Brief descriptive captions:
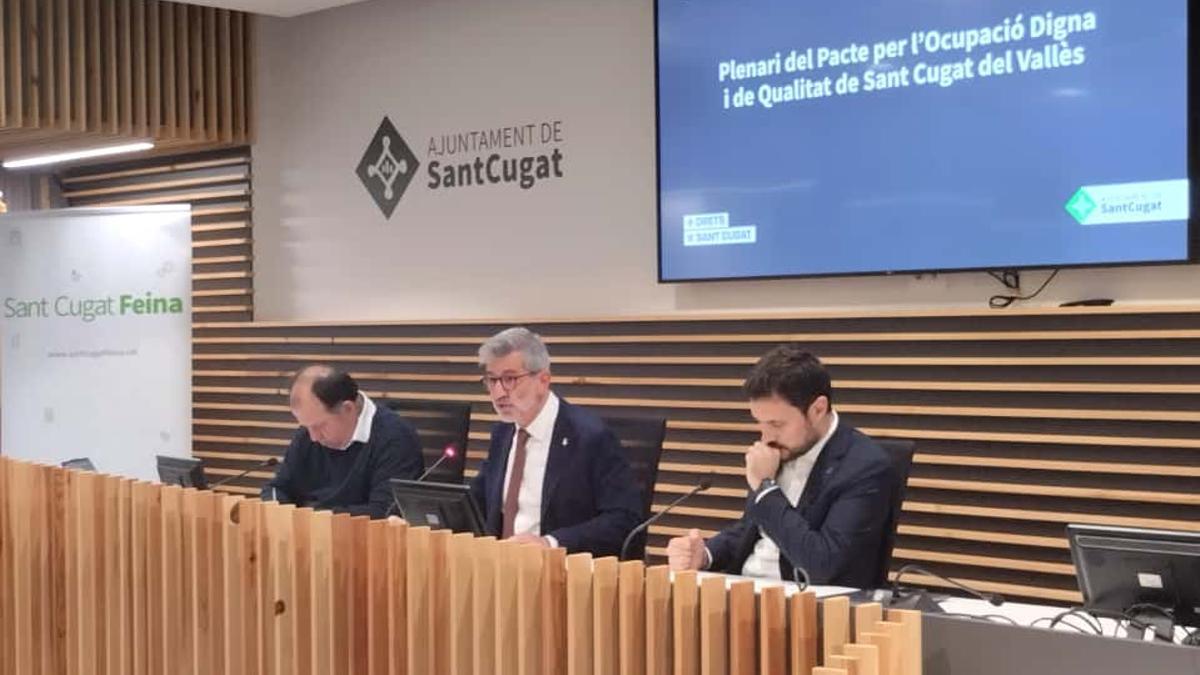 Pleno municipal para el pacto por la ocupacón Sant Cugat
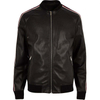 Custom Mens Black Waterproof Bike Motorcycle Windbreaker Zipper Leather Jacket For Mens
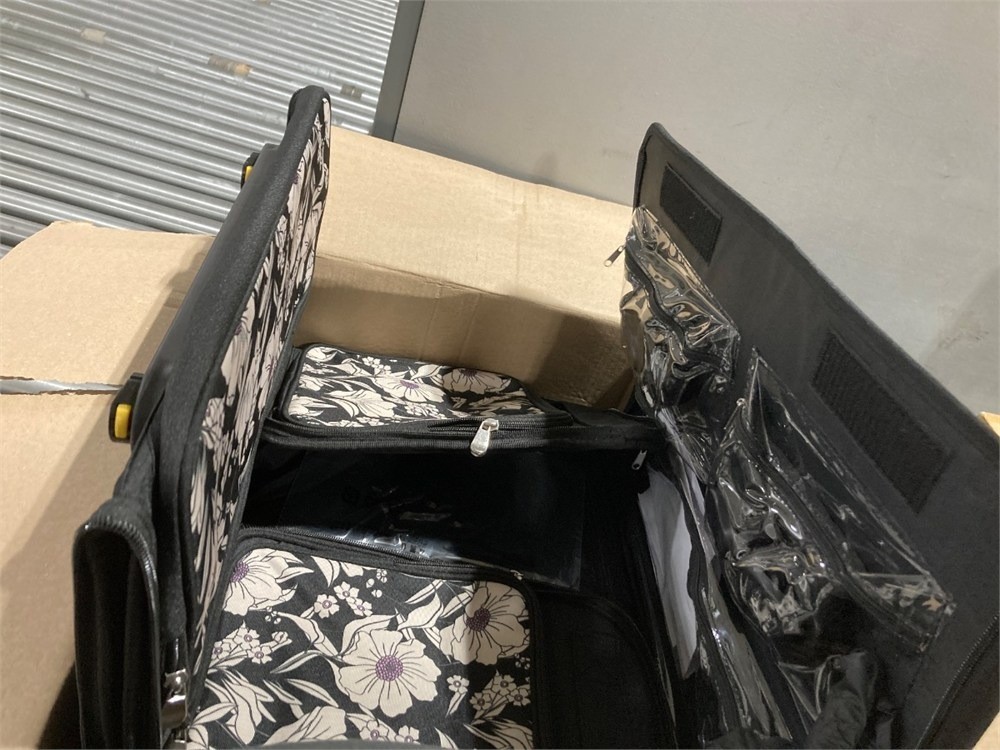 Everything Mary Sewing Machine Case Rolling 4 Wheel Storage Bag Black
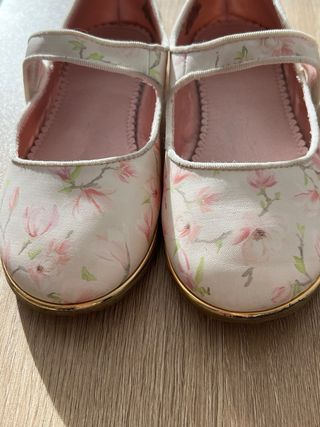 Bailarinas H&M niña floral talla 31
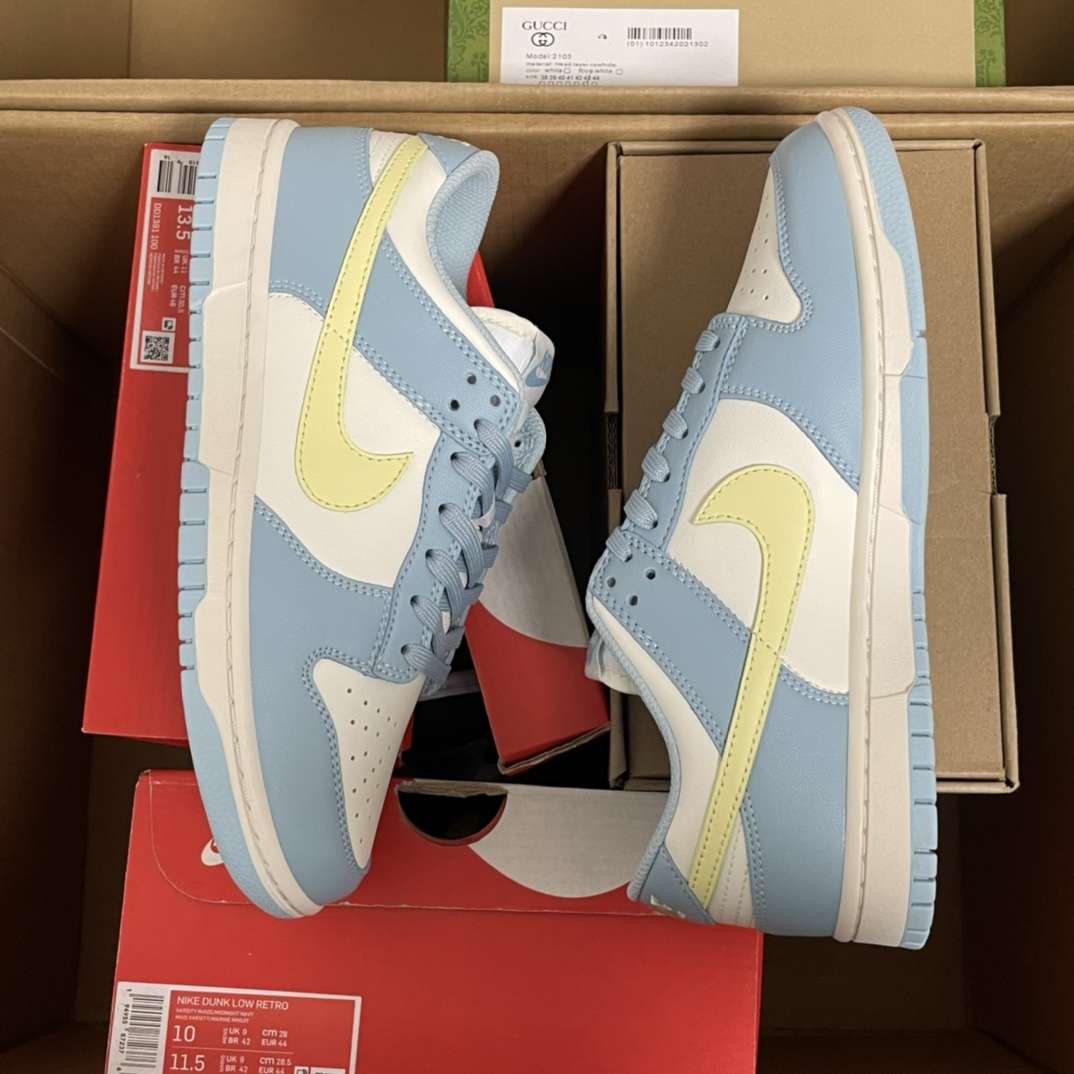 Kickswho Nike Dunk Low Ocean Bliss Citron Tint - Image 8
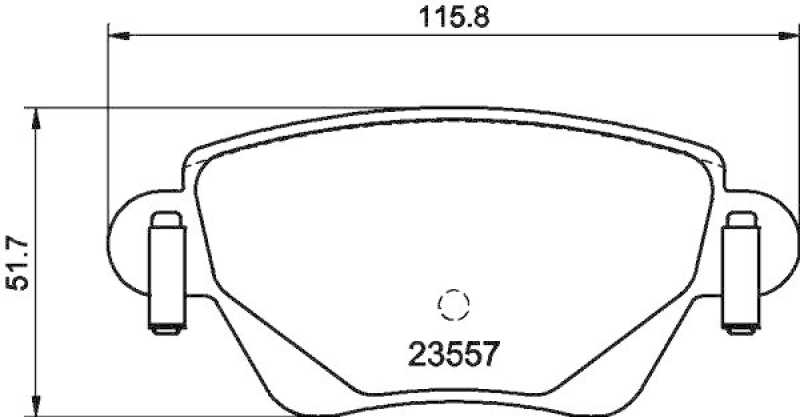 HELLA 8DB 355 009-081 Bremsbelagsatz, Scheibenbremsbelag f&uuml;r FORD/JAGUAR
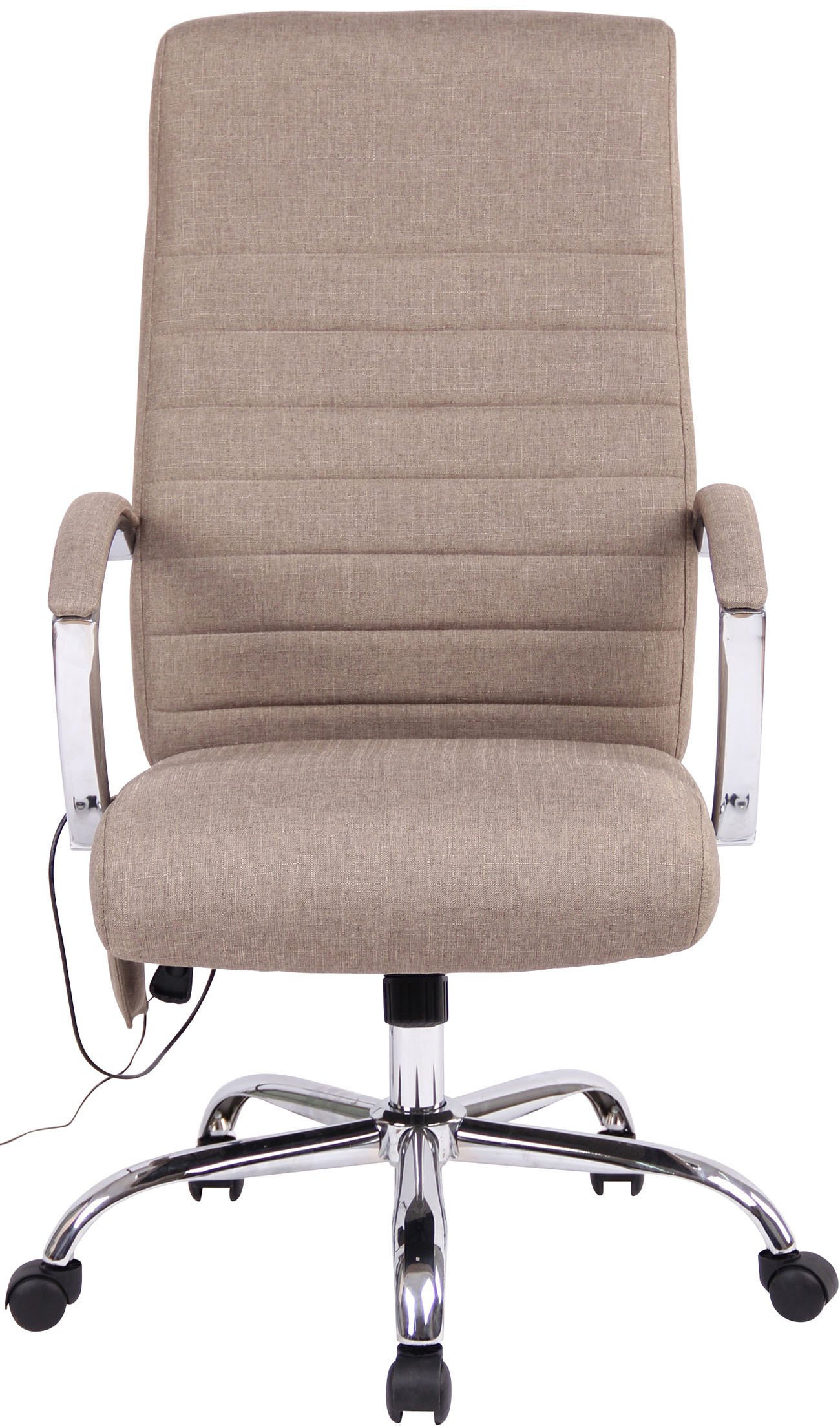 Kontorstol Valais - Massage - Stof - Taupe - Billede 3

_To do_
Copy the records exactly, minus any pictures.

_Result of the task_
 Pleno municipal para el pacto por la ocupacón Sant Cugat
 Custom Mens Black Waterproof Bike Motorcycle Windbreaker Zipper Leather Jacket For Mens
 Everything Mary Sewing Machine Case Rolling 4 Wheel Storage Bag Black
 Bailarinas H&M niña floral talla 31
 Kickswho Nike Dunk Low Ocean Bliss Citron Tint - Image 8
 HELLA 8DB 355 009-081 Bremsbelagsatz, Scheibenbremsbelag f&uuml;r FORD/JAGUAR
 Kontorstol Valais - Massage - Stof - Taupe - Billede 3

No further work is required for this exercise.